Panu Zbigniewowi i panu Sebastianowi ten sam ubezpieczyciel odmówił wypłaty odszkodowania. Co ciekawe, odpowiedzi skierowane do obu poszkodowanych mężczyzn są identyczne. Różni je tylko nazwisko adresata...

Chcieliśmy porozmawiać przed kamerą z przedstawicielem firmy InterRisk. Niestety, ubezpieczyciel nie zgodził się na to. Swoje stanowisko, łudząco podobne do pism, jakie otrzymali obaj poszkodowani, przesłał nam mailem.

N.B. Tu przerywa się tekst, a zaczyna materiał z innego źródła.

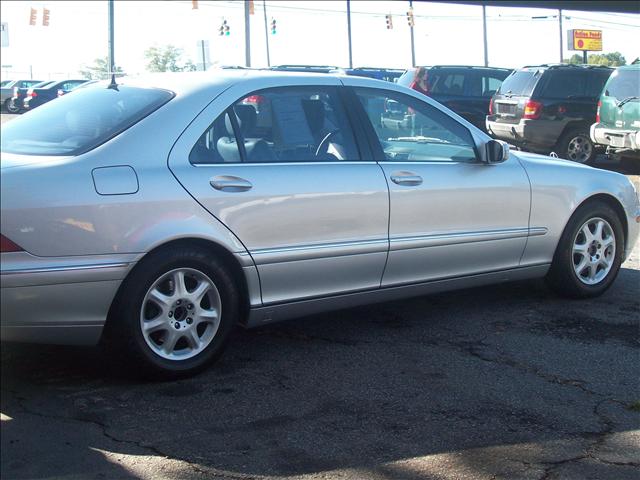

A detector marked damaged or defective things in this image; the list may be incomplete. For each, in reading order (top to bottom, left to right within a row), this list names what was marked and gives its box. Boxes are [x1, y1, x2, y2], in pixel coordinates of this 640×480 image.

cracked pavement [1, 172, 640, 476]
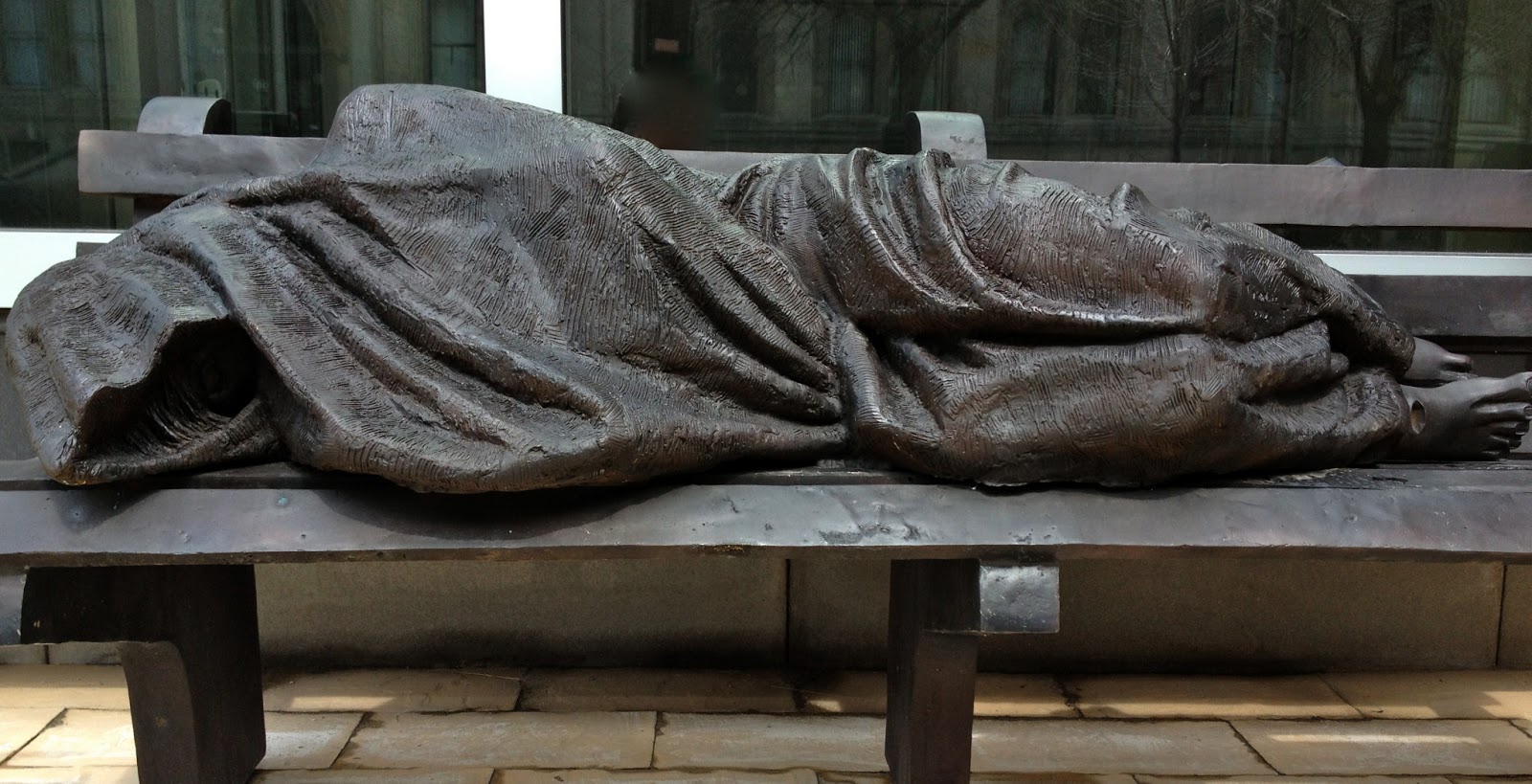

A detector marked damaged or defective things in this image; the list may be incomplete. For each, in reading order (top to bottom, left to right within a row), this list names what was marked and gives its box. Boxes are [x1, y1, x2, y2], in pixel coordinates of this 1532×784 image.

„ Nie kwestionujemy istnienia ubytku na drodze w dniu zajścia zdarzenia, natomiast wykazujemy, że podejmowane przez Ubezpieczającego działania mające na celu jak najszybsze zapobieganie niebezpieczeństwu na drodze przesądzają o braku jego winy za zaistniałe zdarzenie”.

- Po raz ostatni złożę odwołanie do rejonu dróg i towarzystwa ubezpieczeniowego. Później występuję na drogę sądową – zapowiada pan Sebastian.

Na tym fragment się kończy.